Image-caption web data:

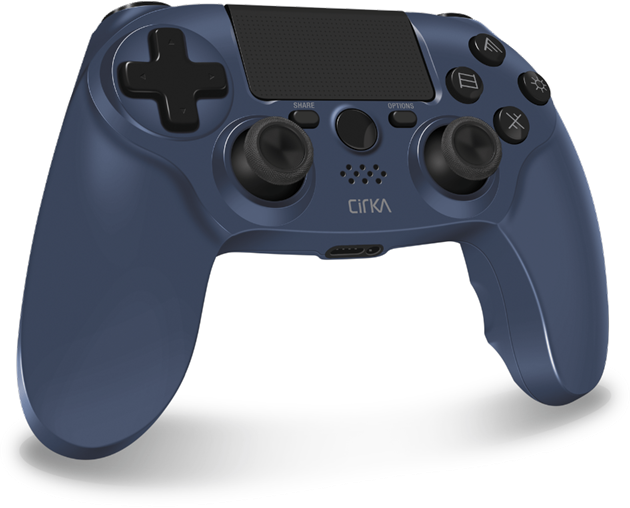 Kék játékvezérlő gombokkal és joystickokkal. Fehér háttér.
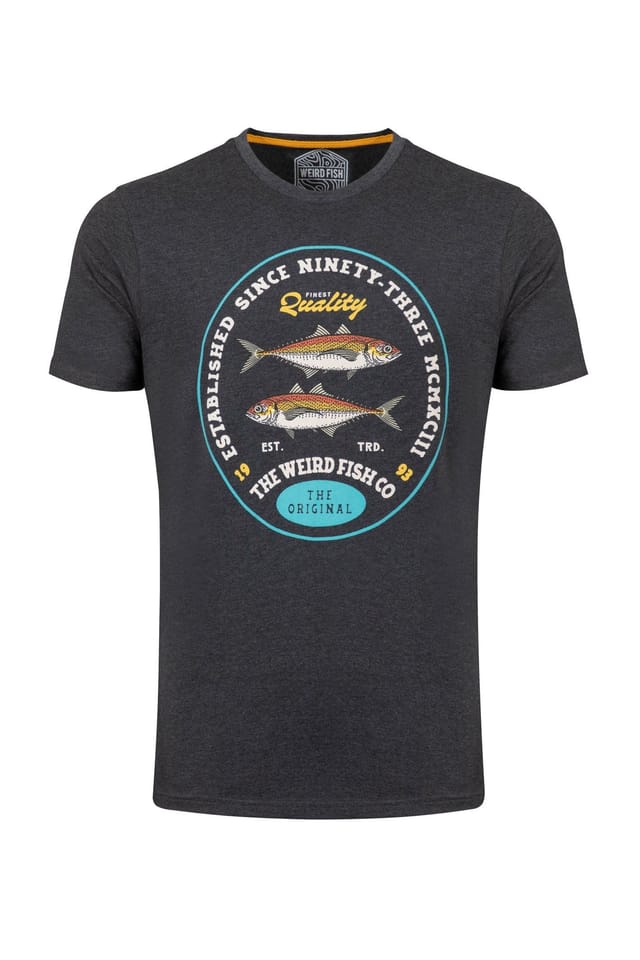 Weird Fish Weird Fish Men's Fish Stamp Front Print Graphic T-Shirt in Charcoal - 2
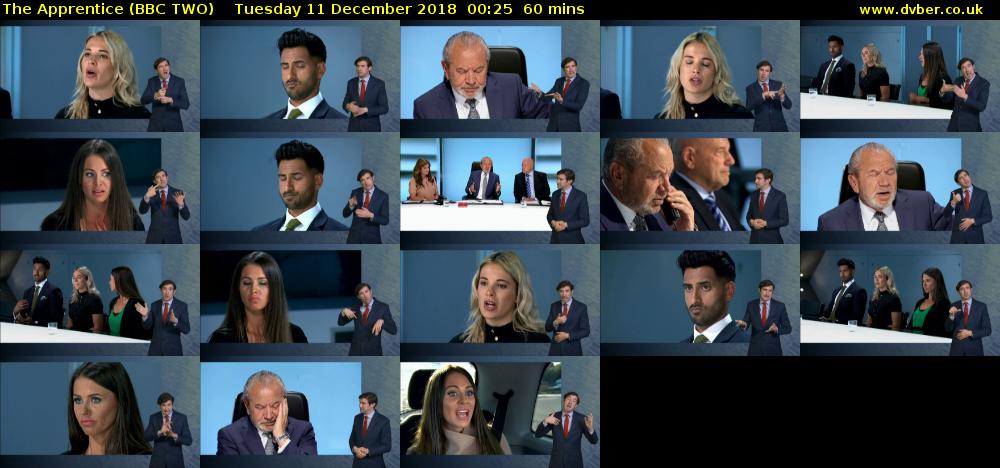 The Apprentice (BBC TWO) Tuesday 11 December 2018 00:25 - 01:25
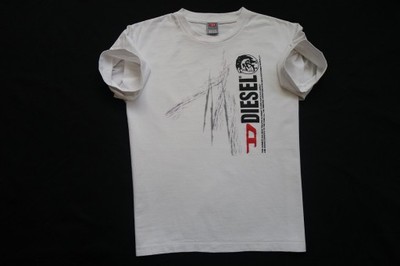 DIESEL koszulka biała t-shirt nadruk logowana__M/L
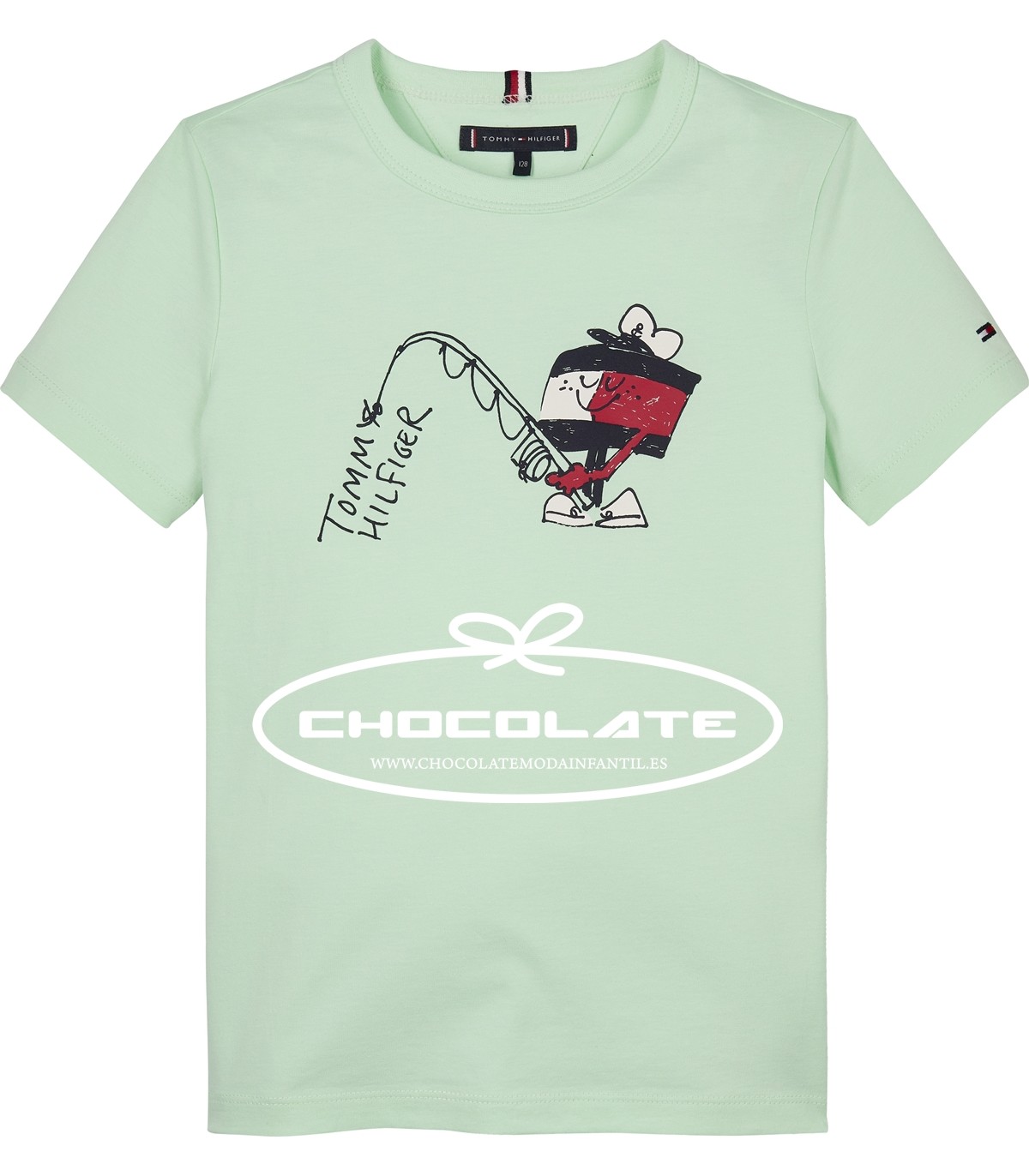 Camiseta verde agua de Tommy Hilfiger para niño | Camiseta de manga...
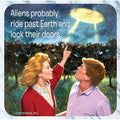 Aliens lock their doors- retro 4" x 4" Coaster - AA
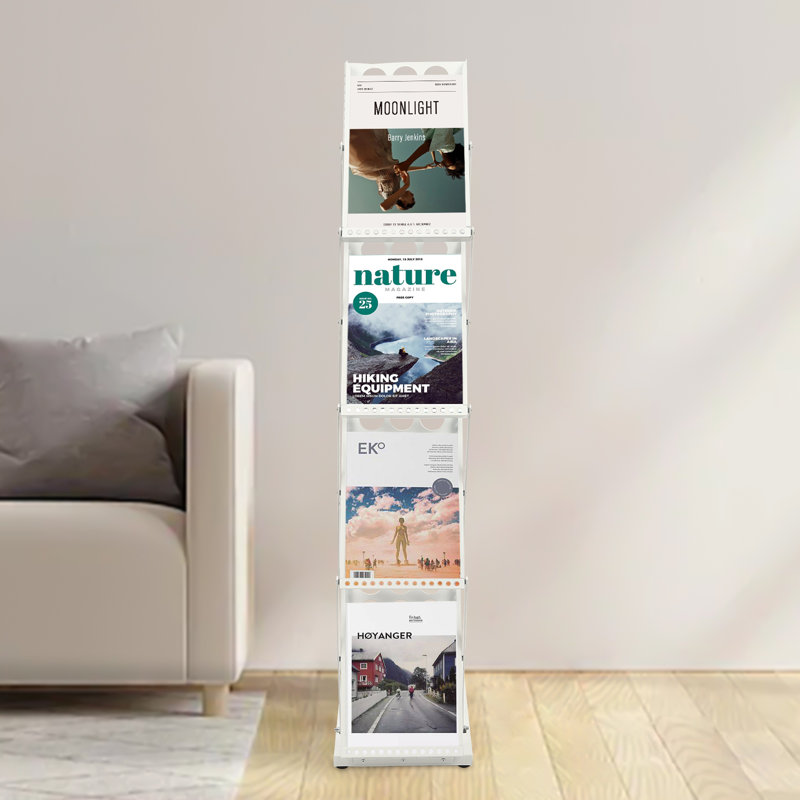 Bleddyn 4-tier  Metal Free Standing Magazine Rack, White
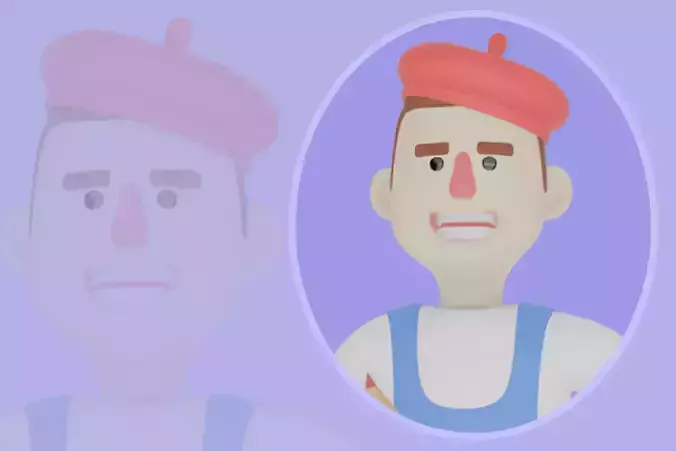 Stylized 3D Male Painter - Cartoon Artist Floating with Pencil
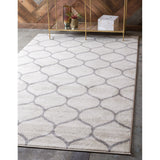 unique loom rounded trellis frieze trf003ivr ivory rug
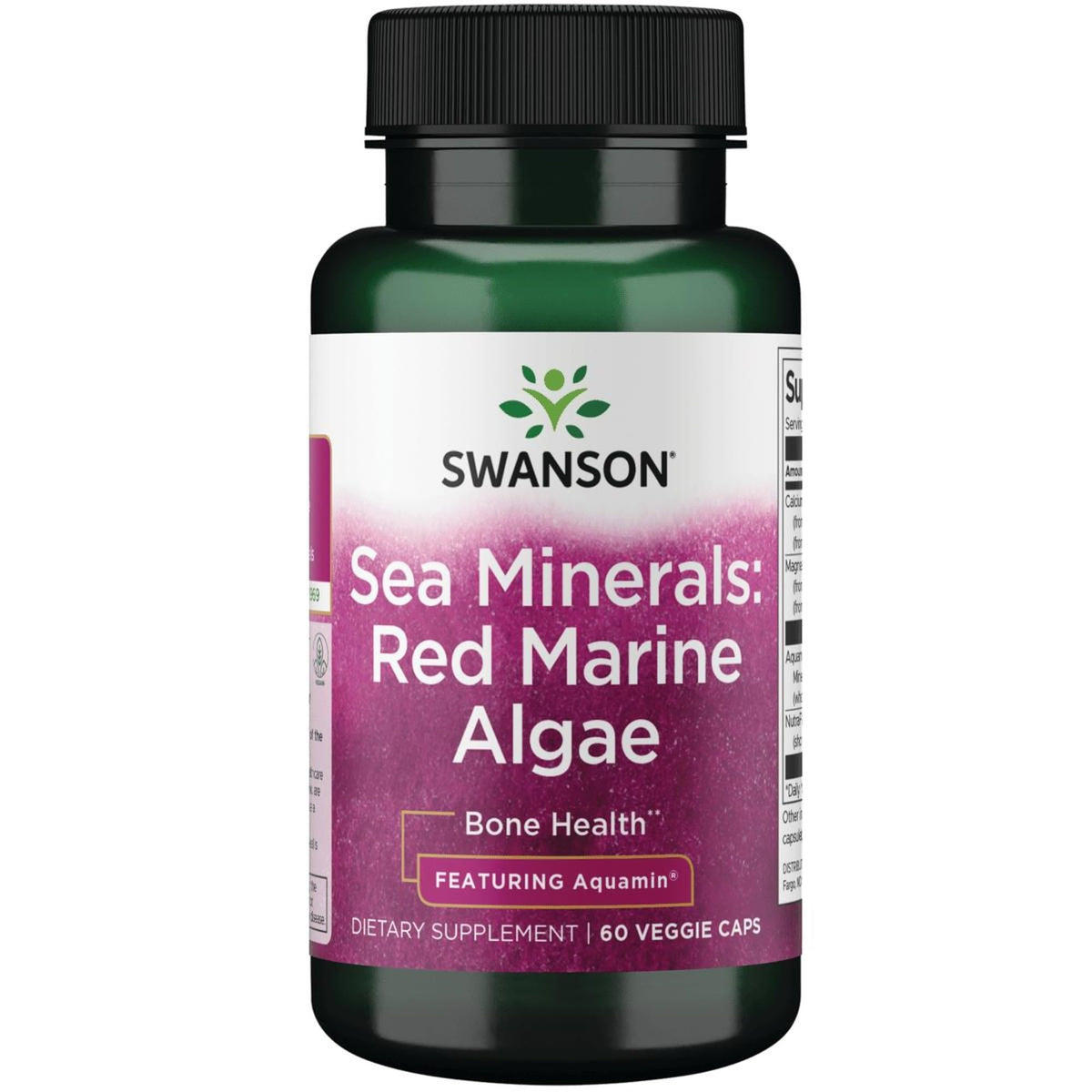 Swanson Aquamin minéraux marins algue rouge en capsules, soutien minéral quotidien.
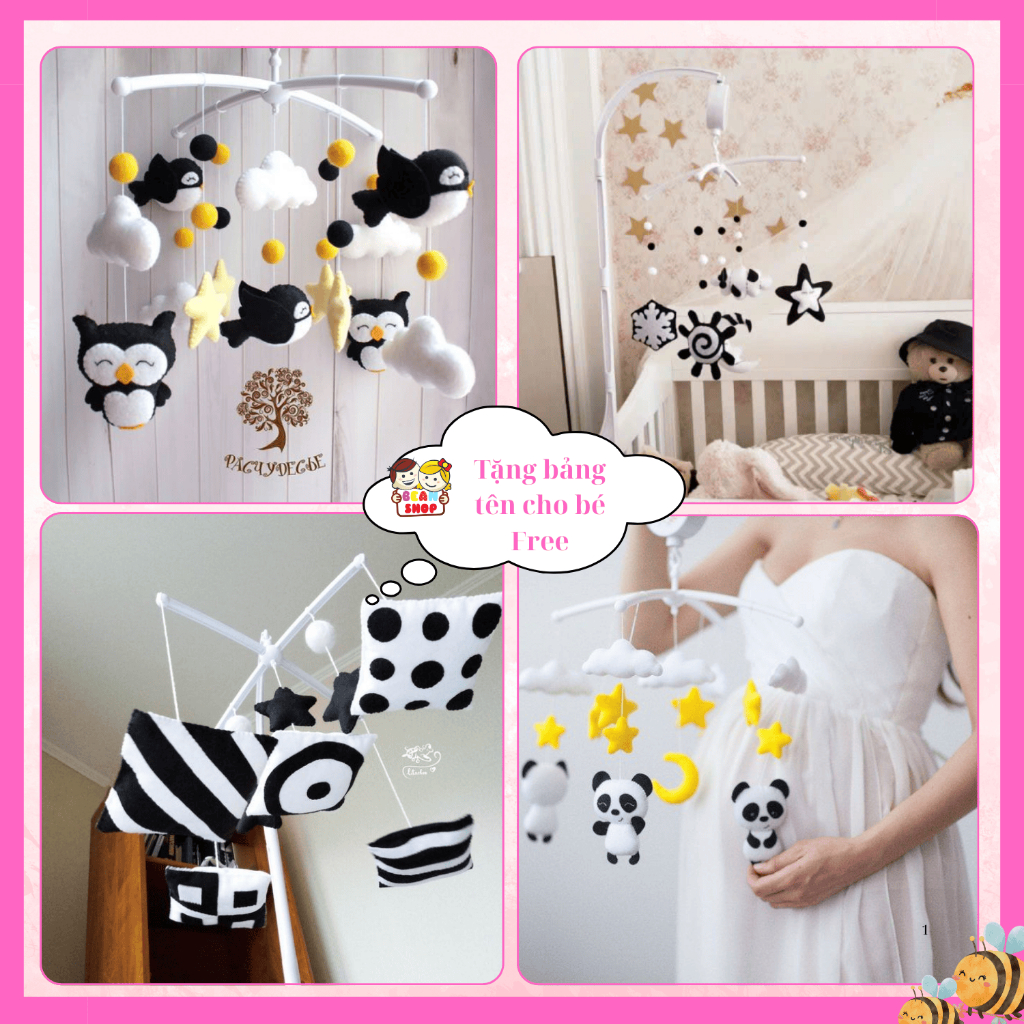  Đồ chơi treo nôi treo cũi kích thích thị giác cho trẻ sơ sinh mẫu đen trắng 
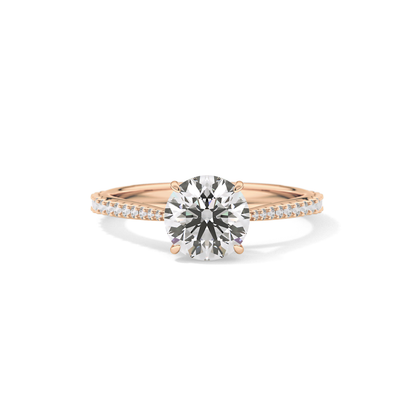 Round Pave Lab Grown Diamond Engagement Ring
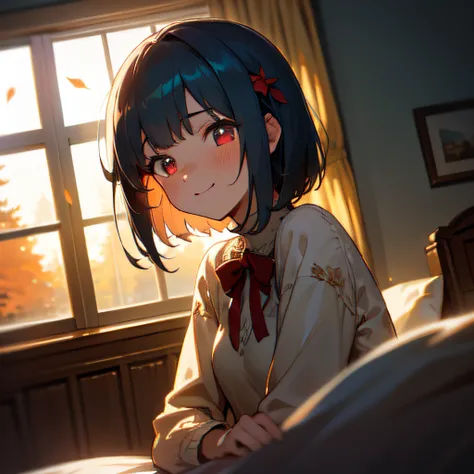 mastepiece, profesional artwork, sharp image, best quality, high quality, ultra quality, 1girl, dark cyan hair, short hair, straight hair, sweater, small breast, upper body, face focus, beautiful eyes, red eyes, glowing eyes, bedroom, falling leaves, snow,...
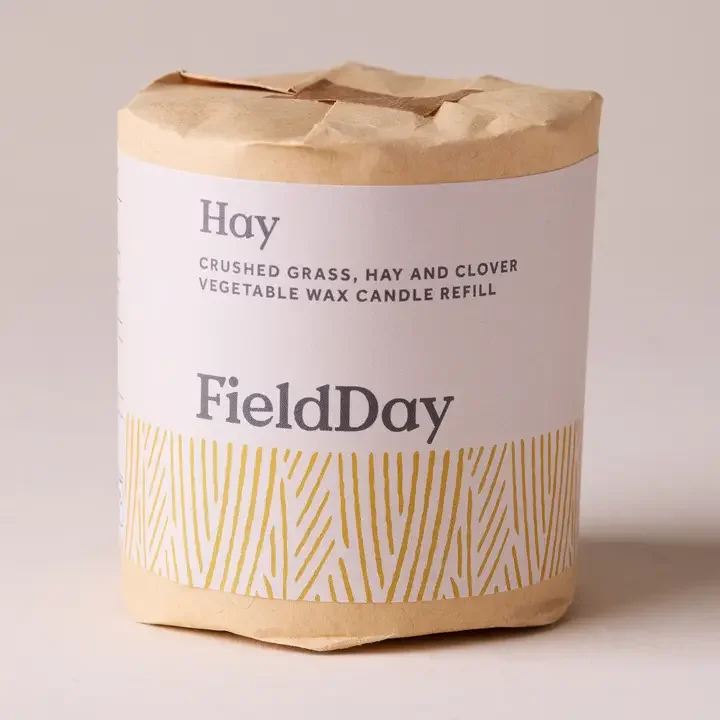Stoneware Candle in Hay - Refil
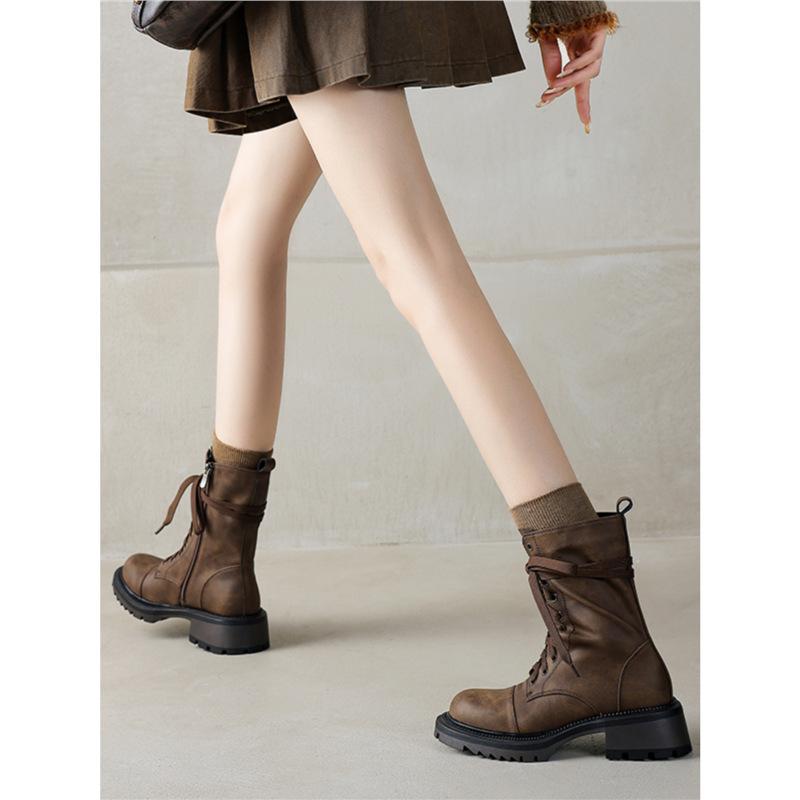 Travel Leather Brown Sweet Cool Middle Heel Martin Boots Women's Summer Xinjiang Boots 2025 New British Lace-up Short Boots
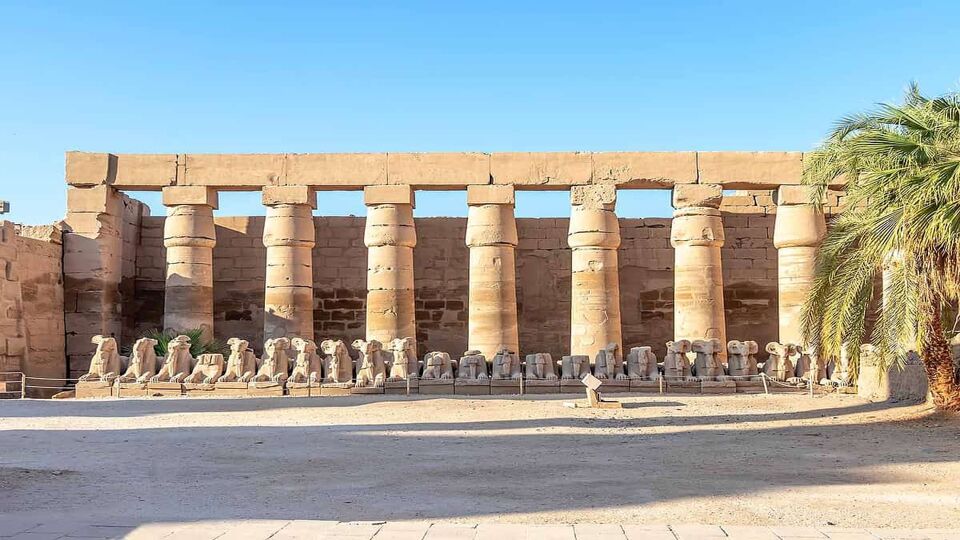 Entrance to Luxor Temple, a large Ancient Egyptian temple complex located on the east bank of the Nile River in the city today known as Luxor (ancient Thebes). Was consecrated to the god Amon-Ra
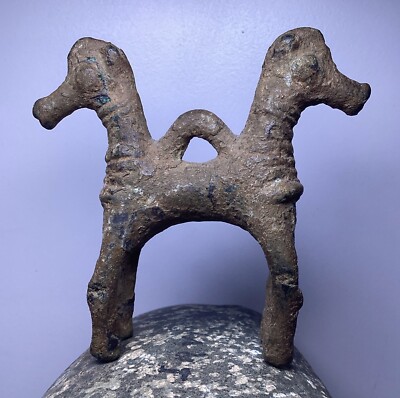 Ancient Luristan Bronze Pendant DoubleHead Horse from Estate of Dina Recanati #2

- _WHAT NEEDS TO BE DONE_
Starting at the line that contains "Stoneware Candle in Hay - Refil", write out every line through the end of the entries, both ends included, without any pictures.

- _ANSWER SECTION_
Stoneware Candle in Hay - Refil
 Travel Leather Brown Sweet Cool Middle Heel Martin Boots Women's Summer Xinjiang Boots 2025 New British Lace-up Short Boots
 Entrance to Luxor Temple, a large Ancient Egyptian temple complex located on the east bank of the Nile River in the city today known as Luxor (ancient Thebes). Was consecrated to the god Amon-Ra
 Ancient Luristan Bronze Pendant DoubleHead Horse from Estate of Dina Recanati #2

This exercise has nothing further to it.